The problem doesn’t seem to be with their offense; they have scored 27 goals this season, giving them the second most potent offense in the league. This goes hand in hand with the 256 shots they have managed to put on net. Their faceoff wins are pretty equal at 226 won and 227 lost. Their defence- although not amazing- is solid, conceding 29 goals on 219 shots, again 2nd in the league.
Going through all of the numbers, I realised that the issue is their power play, which is abysmal. They only have two power play goals from 28 power plays, giving them a conversion rate of just 7.4%. This is by far the worst in the league, with two teams achieving a power play rate of 20%+. To truly put this in perspective let’s have a look at their PK unit. They have 2 shorthanded goals when being a woman down, meaning that 5.5% of the time that they are at a disadvantage, they have scored. Their PK unit is almost doing just as good a job as the PP unit despite all of the numbers being against them!
A prime example of the Whale’s poor power play was the 5 minute major that New York took, early in the 3rd period in their game against Connecticut on the 18th December. During those five minutes they only had 3 shots on net, from low risk areas and the Riveters were able to clear the puck from their zone a total of 10 times. Below is a heat map of where the puck spent its time on the rink during this power play, with the Whale attacking to the right. Along with this, the three black dots mark where the Whale shots were taken from. The darker the colour, the longer the puck stayed in that area during the five minutes.
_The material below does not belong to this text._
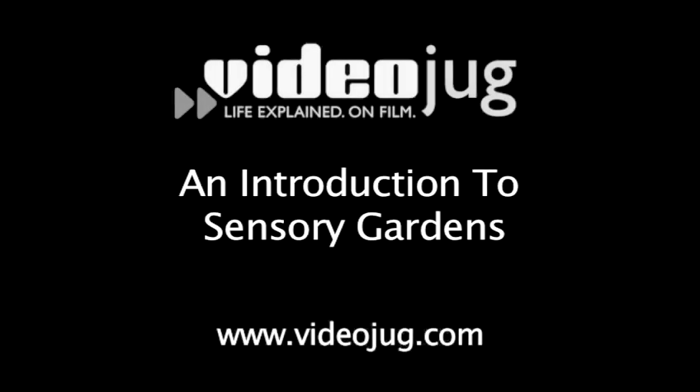An introduction to sensory gardens. Hello and welcome to Videojug. I'm Tom Cole, Head of Horticulture at Cape Manor College, and you join me in what we'd like to call our sensory garden — a garden that has some key features: plants that you can touch and feel, getting an idea about their foliage, and also plants that release fragrance from their leaves or stems, or even those wonderful flowers that are open.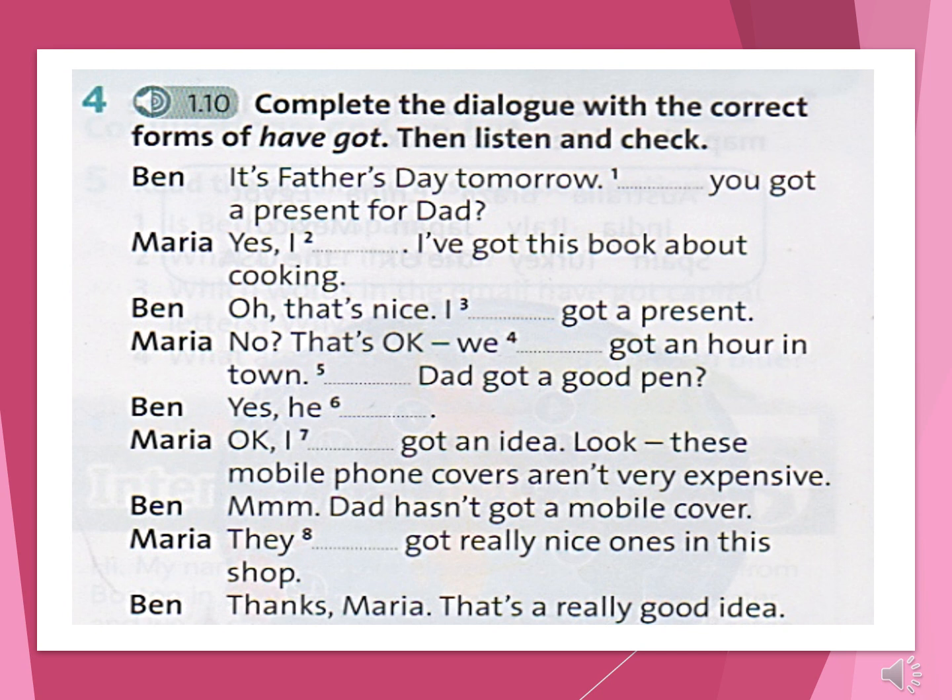Starter Unit Language Focus Exercise 4. It's Father's Day tomorrow. Have you got a present for Dad? Yes, I have — I've got this book about cooking. Oh, that's nice. I haven't got a present. That's OK. We've got an hour in town. Has Dad got a good pen? Yes, he has. I've got an idea — these mobile phone covers aren't very expensive. Dad hasn't got a mobile cover. They've got really nice ones in this shop. Thanks, Maria. That's a really good idea!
As you can see, the Whale are far too susceptible to being pushed to the corners behind the goal and being boxed in. Due to the fact that the other teams generally have the size on the Whale, they are likely to lose these battles along the boards, thus allowing the opposition to clear down the ice and get a line change.
They also spent a noticeable amount of time outside of the attacking zone, due to the fact that they often look to rush into the zone when they aren’t ready and so get pushed right back out. A rush works well when you have the numbers on the opposition, but often the Whale don’t. If they waited, they could take advantage of having an extra body on the ice. By taking their time, making their passes and getting their offense setup, they would be able to move the puck around the ice where they wanted it, and get into the slot for those high percentage shots.
Ultimately, the Whale aren’t doing a whole lot wrong. If they can sort out their power play and fit the final piece of the puzzle together, they should be able to finish the year on a winning record.